<h2><center>Translating Text to SQL with T5 Transformer</center></h2>

![](https://i.imgur.com/jVFMMWR.png)

<h4><center>Image Source:  <a href="https://ai.googleblog.com/2020/02/exploring-transfer-learning-with-t5.html">Google AI Blog</a></center></h4>

### Install Transformers Datasets (to get [wikiSQL dataset](https://huggingface.co/nlp/viewer/?dataset=wikisql))

In [None]:
!pip install -q -U datasets > /dev/null

### Libraries 📚⬇

In [None]:
from transformers import AutoModelWithLMHead, AutoTokenizer
from datasets import load_dataset
import random, warnings
warnings.filterwarnings("ignore")

### Import the T5-base model [fine-tuned on WikiSQL](https://huggingface.co/mrm8488/t5-base-finetuned-wikiSQL?text=My+name+is+Wolfgang+and+I+live+in+Berlin) from [🤗/transformers](https://github.com/huggingface/transformers) [thanks to [Manuel Romero](https://huggingface.co/mrm8488)]

In [None]:
tokenizer = AutoTokenizer.from_pretrained("mrm8488/t5-base-finetuned-wikiSQL")
model = AutoModelWithLMHead.from_pretrained("mrm8488/t5-base-finetuned-wikiSQL")

### Predict Function

In [None]:
def get_sql(query):
    
    input_text = "translate English to SQL: %s </s>" % query
    
    features = tokenizer([input_text], return_tensors='pt')

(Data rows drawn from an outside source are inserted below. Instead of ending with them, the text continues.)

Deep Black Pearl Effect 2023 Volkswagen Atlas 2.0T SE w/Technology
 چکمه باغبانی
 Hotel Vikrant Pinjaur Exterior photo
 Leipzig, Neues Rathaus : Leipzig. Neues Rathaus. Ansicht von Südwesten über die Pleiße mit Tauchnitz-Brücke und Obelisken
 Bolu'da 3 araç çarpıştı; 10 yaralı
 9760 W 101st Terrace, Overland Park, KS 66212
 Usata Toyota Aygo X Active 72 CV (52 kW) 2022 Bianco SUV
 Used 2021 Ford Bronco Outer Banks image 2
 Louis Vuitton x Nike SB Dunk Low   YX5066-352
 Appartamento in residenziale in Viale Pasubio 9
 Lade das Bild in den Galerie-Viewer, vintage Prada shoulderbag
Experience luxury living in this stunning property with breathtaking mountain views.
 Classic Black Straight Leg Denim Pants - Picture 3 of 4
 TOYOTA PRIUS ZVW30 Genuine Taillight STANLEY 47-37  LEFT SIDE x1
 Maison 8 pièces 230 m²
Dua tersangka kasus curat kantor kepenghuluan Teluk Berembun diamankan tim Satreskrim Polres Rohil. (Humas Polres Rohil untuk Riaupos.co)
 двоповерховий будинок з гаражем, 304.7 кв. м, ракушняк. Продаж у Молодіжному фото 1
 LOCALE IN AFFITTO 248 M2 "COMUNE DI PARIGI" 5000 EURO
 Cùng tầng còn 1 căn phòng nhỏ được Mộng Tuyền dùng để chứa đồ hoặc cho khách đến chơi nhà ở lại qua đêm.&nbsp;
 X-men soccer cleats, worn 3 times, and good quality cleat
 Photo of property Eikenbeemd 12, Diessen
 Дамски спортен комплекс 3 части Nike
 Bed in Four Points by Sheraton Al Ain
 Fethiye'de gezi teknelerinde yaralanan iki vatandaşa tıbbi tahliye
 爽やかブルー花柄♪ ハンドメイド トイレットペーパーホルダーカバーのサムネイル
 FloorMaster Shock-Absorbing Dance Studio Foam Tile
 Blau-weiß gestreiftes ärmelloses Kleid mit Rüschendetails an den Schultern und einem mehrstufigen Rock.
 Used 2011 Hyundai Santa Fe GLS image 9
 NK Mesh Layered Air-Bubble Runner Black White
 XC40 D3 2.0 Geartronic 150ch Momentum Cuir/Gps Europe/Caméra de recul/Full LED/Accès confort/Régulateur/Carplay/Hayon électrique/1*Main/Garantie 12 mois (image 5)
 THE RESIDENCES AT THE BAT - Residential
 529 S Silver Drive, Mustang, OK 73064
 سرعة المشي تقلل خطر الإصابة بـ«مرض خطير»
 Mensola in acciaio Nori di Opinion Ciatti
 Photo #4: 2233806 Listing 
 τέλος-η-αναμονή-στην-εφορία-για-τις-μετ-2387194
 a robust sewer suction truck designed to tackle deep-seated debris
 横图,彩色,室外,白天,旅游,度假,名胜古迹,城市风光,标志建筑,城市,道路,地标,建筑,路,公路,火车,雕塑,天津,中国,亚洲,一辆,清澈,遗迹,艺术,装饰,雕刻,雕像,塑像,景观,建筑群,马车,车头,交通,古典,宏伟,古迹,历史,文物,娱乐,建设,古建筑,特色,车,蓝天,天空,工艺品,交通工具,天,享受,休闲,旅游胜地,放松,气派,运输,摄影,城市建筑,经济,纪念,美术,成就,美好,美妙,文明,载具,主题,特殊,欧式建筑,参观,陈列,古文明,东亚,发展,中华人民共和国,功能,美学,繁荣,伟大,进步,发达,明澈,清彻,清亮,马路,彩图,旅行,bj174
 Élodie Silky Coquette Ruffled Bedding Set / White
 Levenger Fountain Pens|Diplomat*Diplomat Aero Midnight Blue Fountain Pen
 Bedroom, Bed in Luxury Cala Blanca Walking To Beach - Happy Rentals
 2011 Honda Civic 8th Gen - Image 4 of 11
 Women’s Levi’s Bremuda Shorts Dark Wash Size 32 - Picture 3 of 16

    output = model.generate(input_ids=features['input_ids'], 
               attention_mask=features['attention_mask'])

    return tokenizer.decode(output[0])

In [None]:
valid_dataset = load_dataset('wikisql', split='validation')

### Sample Validation Data

In [None]:
valid_dataset[0]

### Prediction on WikiSQL Validation Set

In [None]:
for idx in random.sample(range(len(valid_dataset)), 250):
    print(f"Text: {valid_dataset[idx]['question']}")
    print(f"Pred SQL: {get_sql(valid_dataset[idx]['question'])}")
    print(f"True SQL: {valid_dataset[idx]['sql']['human_readable']}\n")